Partial Shaking Moment Balancing of Spherical Parallel Robots by a Combined Counterweight and Adjusting Kinematic Parameters Approach

Spherical parallel robots (SPR) are widely used in industries and robotic rehabilitation. Designing such systems for better balance properties is still a challenge. This paper presents a work to minimize the shaking moment for a fully force-balanced SPR by combining the counterweight (CW) and adjusting the kinematic parameters (AKP). An approximate model of the shaking moment of the SPR is proposed for computational efficiency (specifically allowing for a gradient-based optimization algorithm available in MATLAB) yet without the loss of much accuracy.
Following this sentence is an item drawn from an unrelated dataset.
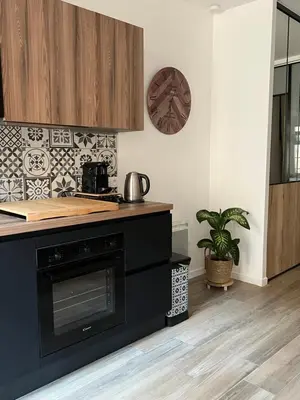 Cuisine ou kitchenette dans l'établissement Au coeur du vieil Antibes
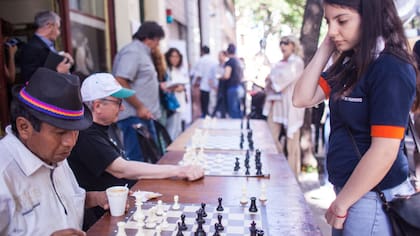 Simultáneas en homenaje al artista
The effectiveness of the proposed approach has been confirmed based on simulation, especially with the software system SPACAR due to its high reliability and easy availability. Specifically, the simulation result shows that compared with the unbalanced SPR, the shaking moment of the balanced SPR can decrease by more than 90%. It is worth mentioning that the AKP approach is an excellent example of mechatronics by combining the capability of re-planning the joint motion from the end-effector motion and adjusting the kinematic parameters to redistribute the mass of the whole robot for canceling the shaking force and shaking moment—inertia-induced force and moment to the ground. In short, the main contributions of this paper are: (1) a combined CW and AKP approach to the partial moment balancing of the SPR enhanced with a simplified mathematical model of the shaking moment of the SPR, and (2) a new design of the SPR which can be fully force balanced yet partially moment balanced. A note is taken that the simplified model is under the condition that the parameters of the link have certain geometric relations, which is a limitation of our approach.